La seconda vita di Wiesel, anzi “la sopravvivenza” come lui stesso la chiamava, incominciò dapprima in Francia, poi in giro per il Pianeta, infine l’approdo nel Nuovomondo, negli Usa. Grazie al mestiere di giornalista Wiesel assistette ai grandi avvenimenti della seconda parte del “Secolo breve”, conoscendo personaggi importanti e capi di Stato, diventando amico personale di François Mitterand e Primo Levi. Ora Elie Wiesel è scomparso, la sua voce di denuncia e ricordo si è spenta per sempre.

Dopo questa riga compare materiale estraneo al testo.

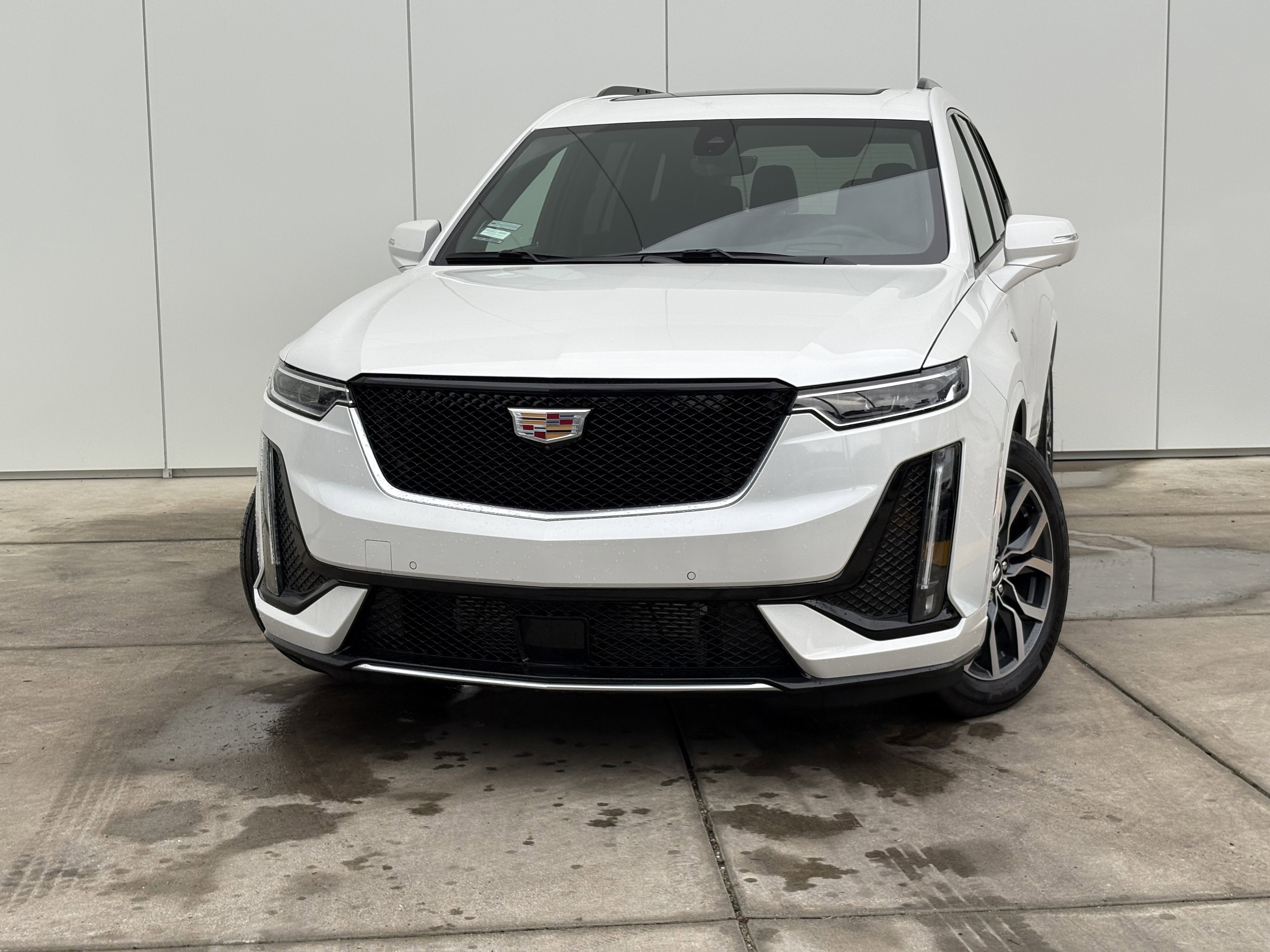 2025 Cadillac XT6 Sport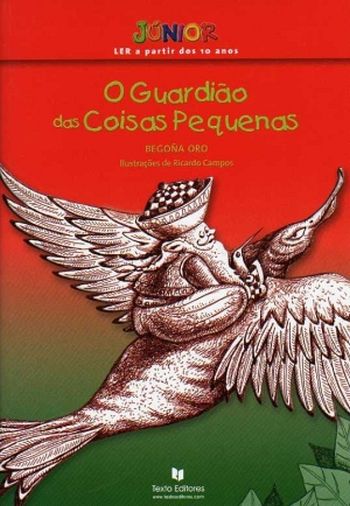 GUARDIAO DAS COISAS PEQUENAS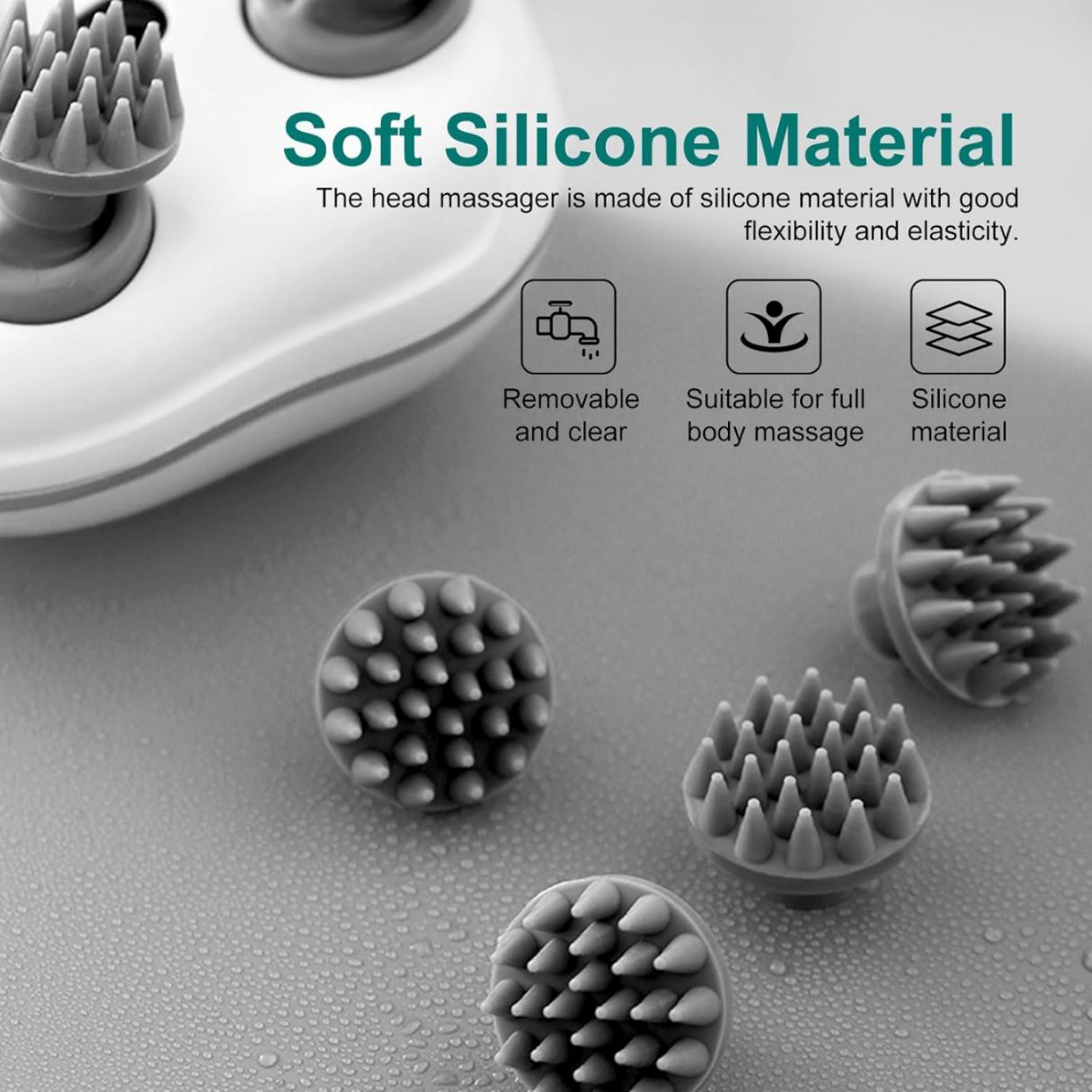 Scalp Massager 2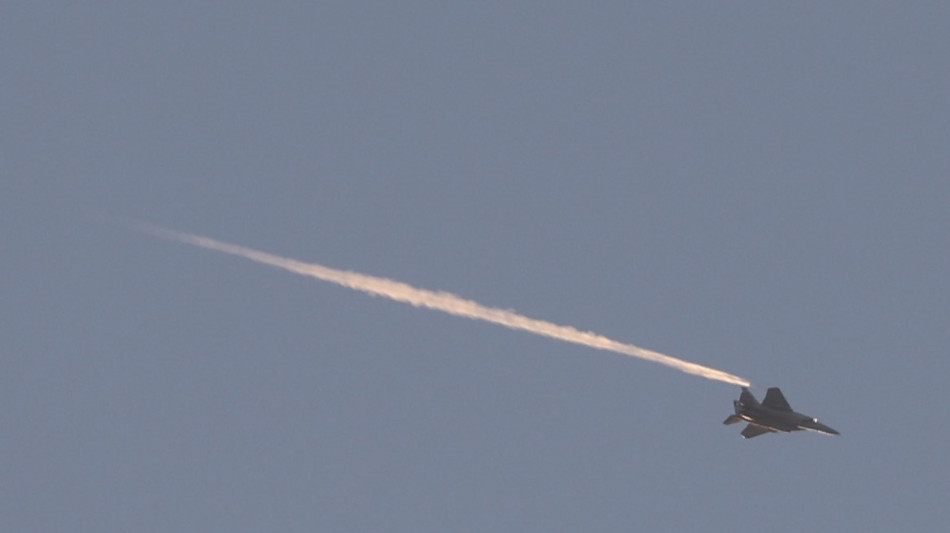 Idf, colpito sito iraniano per lo sviluppo di armi nucleari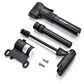 Mini bicycle pump Meteor Stroke 31597 Accessories Your Sports Performance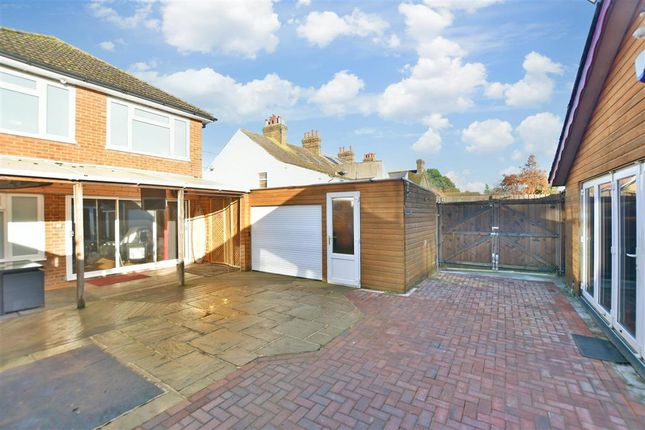 Detached house for sale in Station Road, Sittingbourne, Kent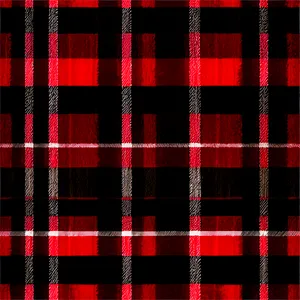 Red Flannel Fabric Png 88 PNG Image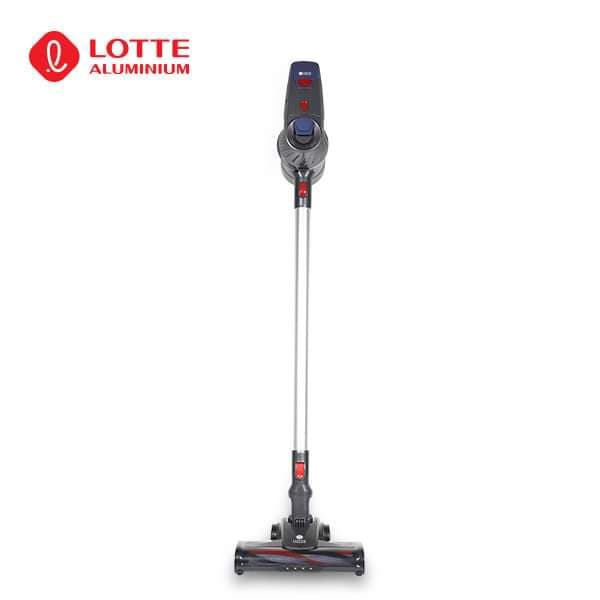 [Mã ELHA03 giảm 5% đơn 300K] Máy Hút Bụi Cầm Tay Không Dây Lotte Lau Siêu Sạch Pin Bền Nhập Khẩu Hàn Quốc Model LTW-VC2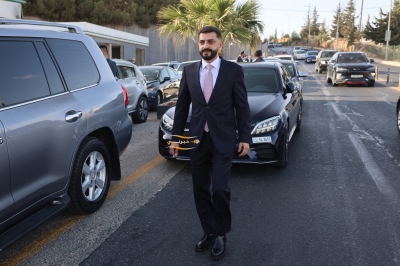 عشيرة الزغول وعشيرة الخرشه نسايب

Resta, però il grande valore di una persona straordinaria che pur senza mai dimenticare e con cicatrici nell’animo, pur continuando a lottare tra dubbio e fede, seppe sempre guardare avanti, continuando a credere nell’amicizia, nell’amore e nella pace. In una parola, nell’uomo. Un esempio imprescindibile in questi difficili momenti che l’umanità sta vivendo.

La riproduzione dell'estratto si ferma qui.